___ Dataset records ___
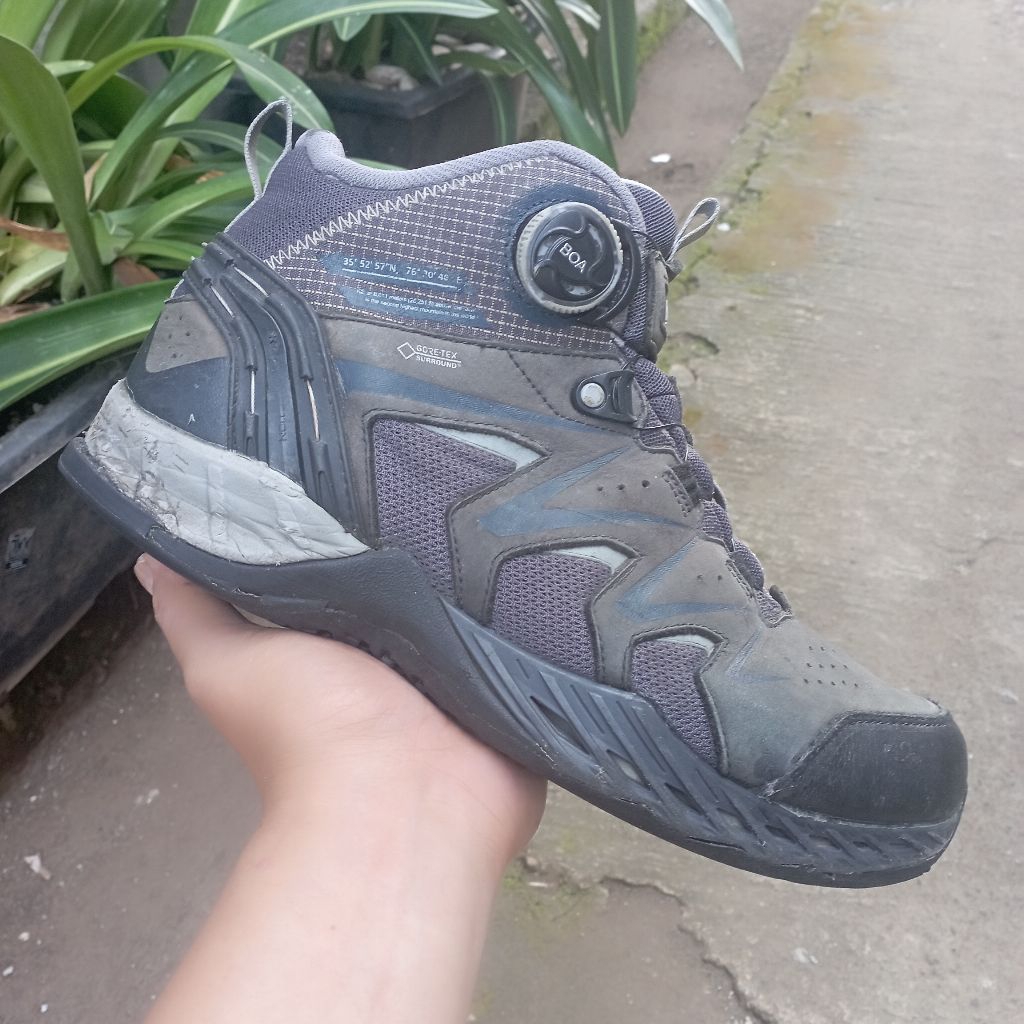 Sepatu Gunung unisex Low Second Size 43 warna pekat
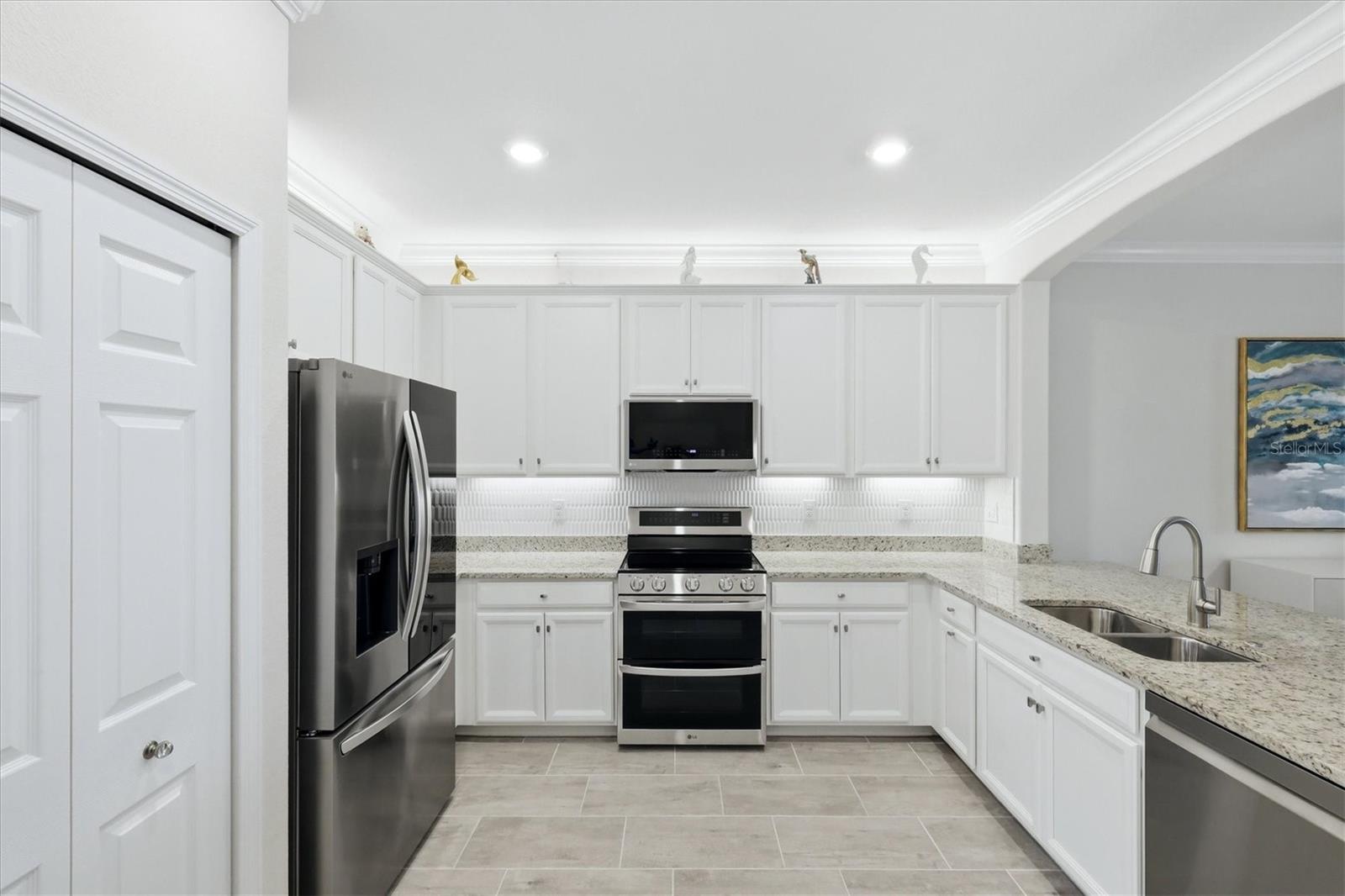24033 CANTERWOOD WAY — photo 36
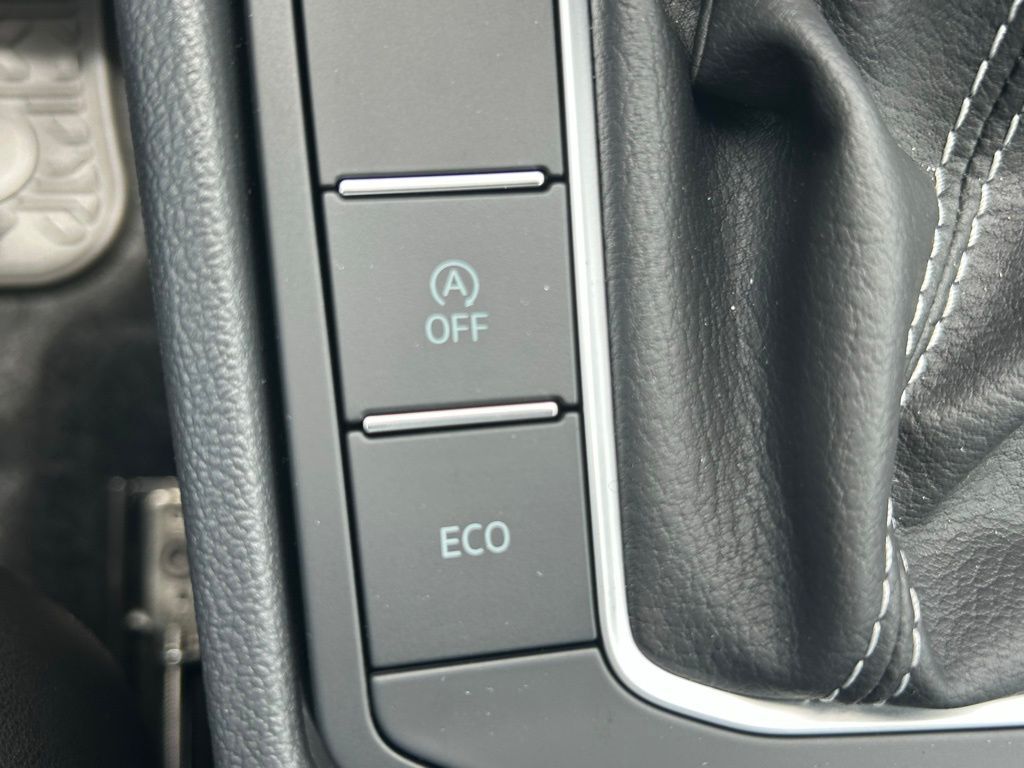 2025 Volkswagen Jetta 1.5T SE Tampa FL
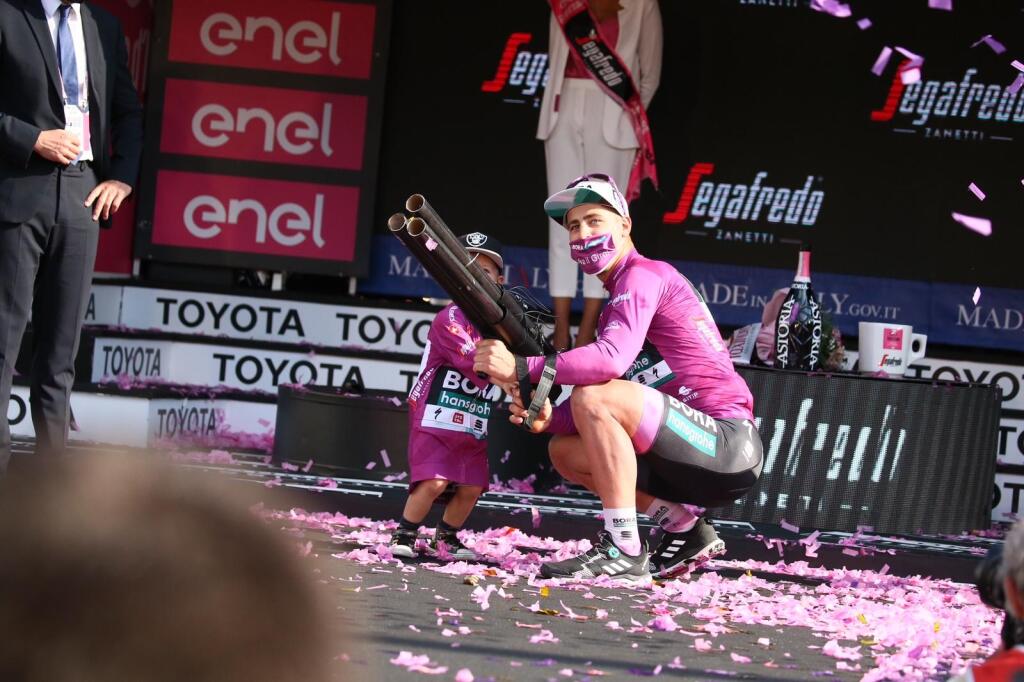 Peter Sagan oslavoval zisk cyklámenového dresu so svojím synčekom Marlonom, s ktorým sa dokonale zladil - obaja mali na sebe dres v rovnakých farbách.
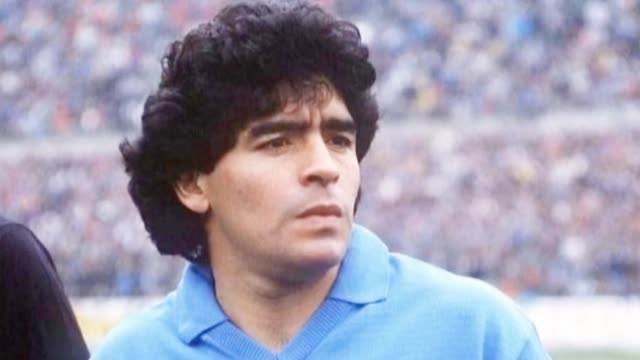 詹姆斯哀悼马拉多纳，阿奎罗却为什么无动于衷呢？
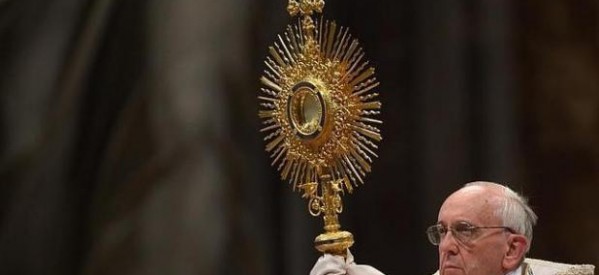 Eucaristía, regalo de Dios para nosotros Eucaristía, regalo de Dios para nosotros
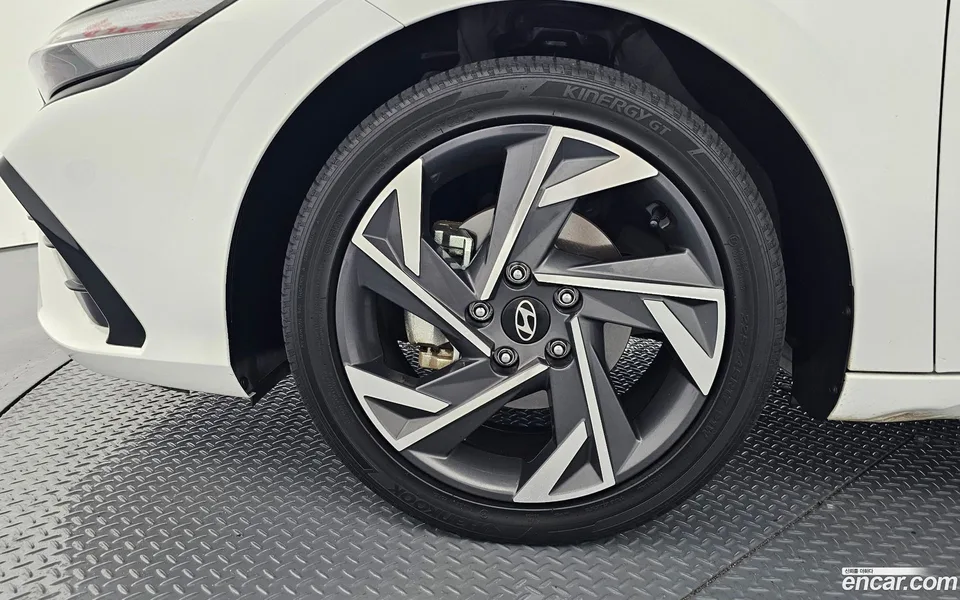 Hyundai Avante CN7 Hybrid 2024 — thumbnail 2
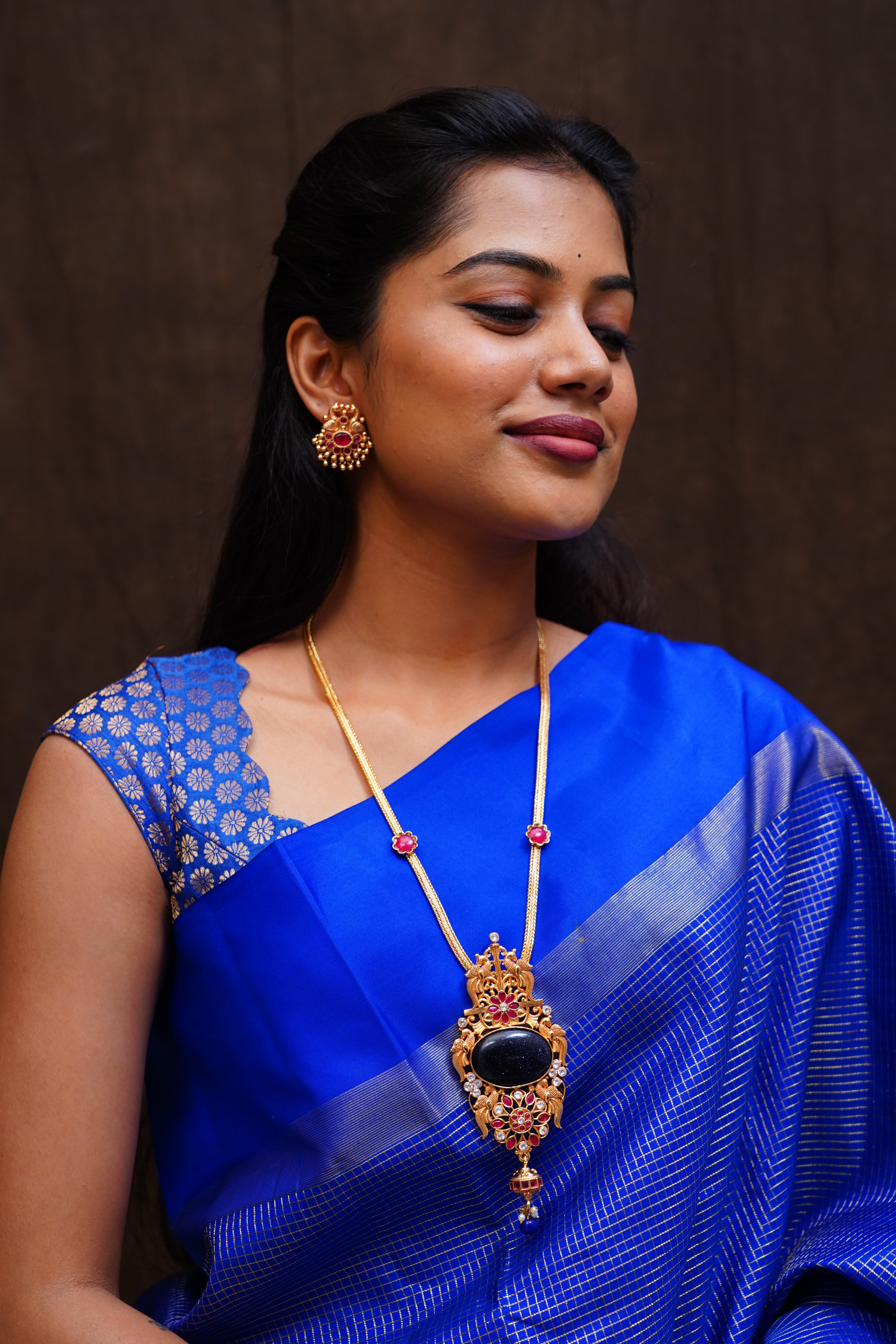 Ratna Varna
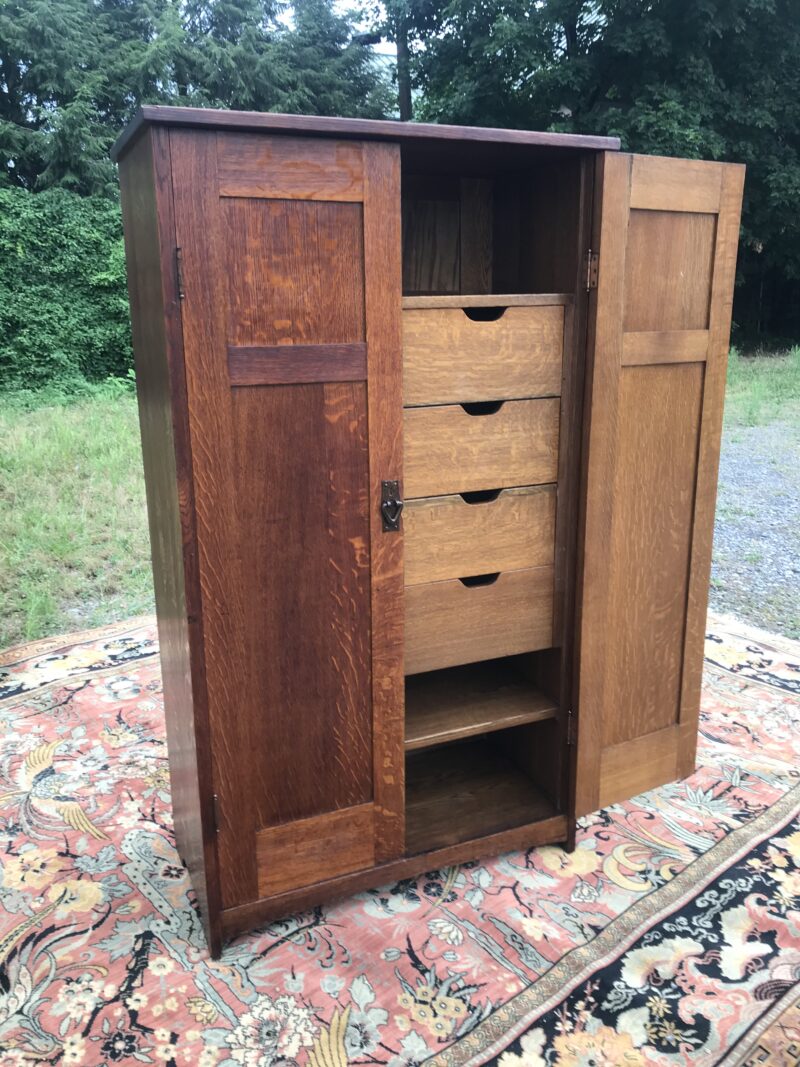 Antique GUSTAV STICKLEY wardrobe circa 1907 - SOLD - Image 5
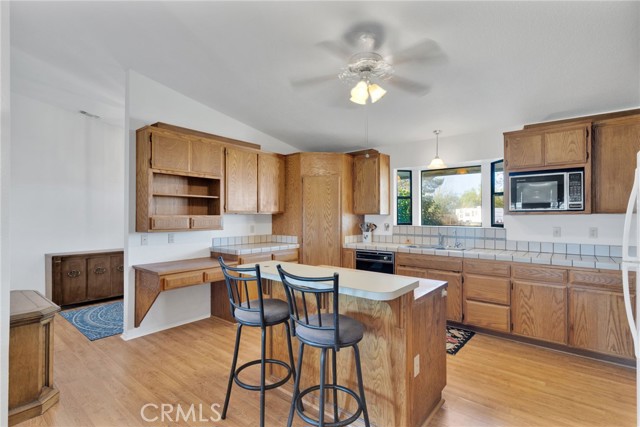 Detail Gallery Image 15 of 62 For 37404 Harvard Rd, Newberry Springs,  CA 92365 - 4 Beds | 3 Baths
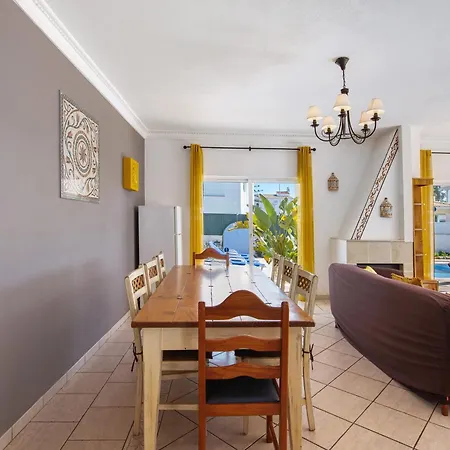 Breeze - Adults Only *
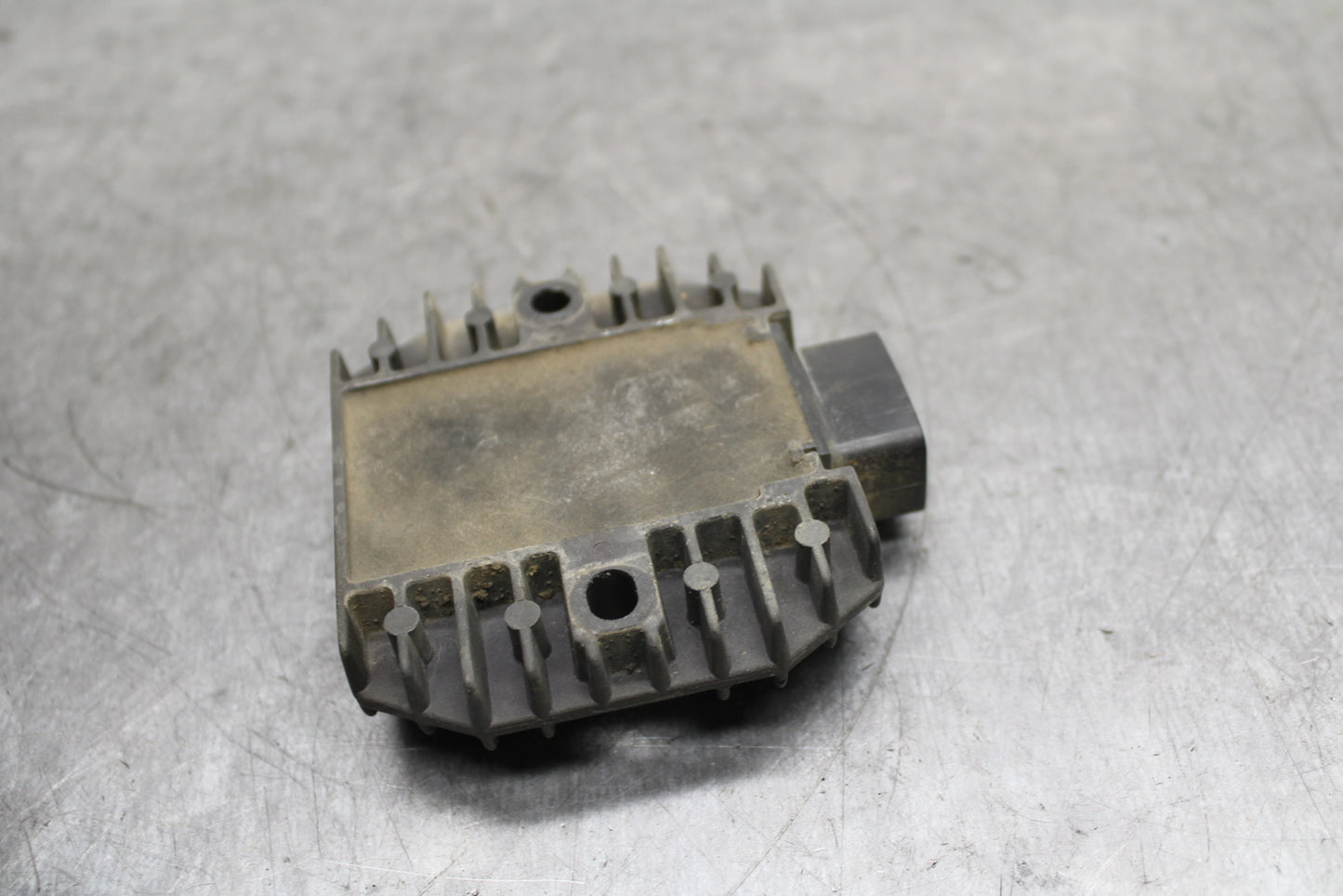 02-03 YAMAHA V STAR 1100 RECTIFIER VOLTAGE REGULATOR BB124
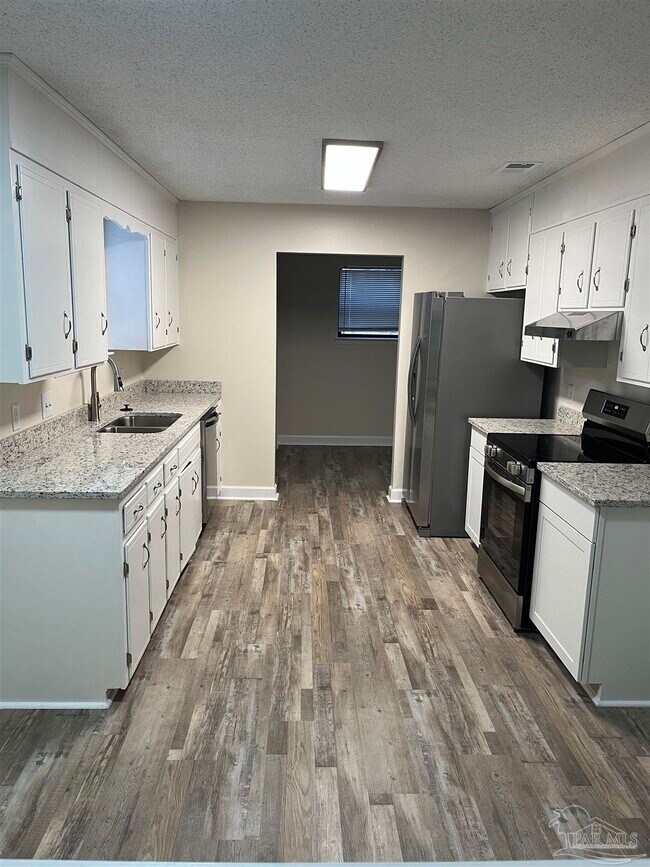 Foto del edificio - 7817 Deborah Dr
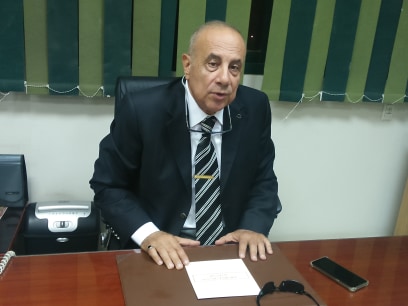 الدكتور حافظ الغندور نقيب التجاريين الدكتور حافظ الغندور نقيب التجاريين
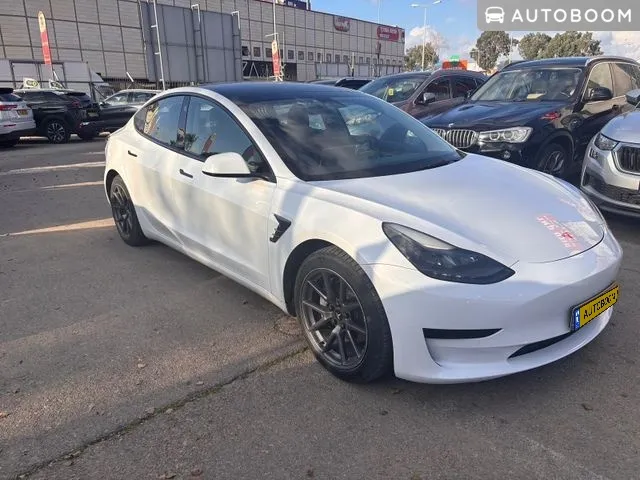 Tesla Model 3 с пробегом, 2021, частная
___
> Directions for this task: Copy nothing but the lines above from the one with "Foto del edificio - 7817 Deborah Dr" through the end of the material, word for word, and drop the pictures.

> Task result:
 Foto del edificio - 7817 Deborah Dr
 الدكتور حافظ الغندور نقيب التجاريين الدكتور حافظ الغندور نقيب التجاريين
 Tesla Model 3 с пробегом, 2021, частная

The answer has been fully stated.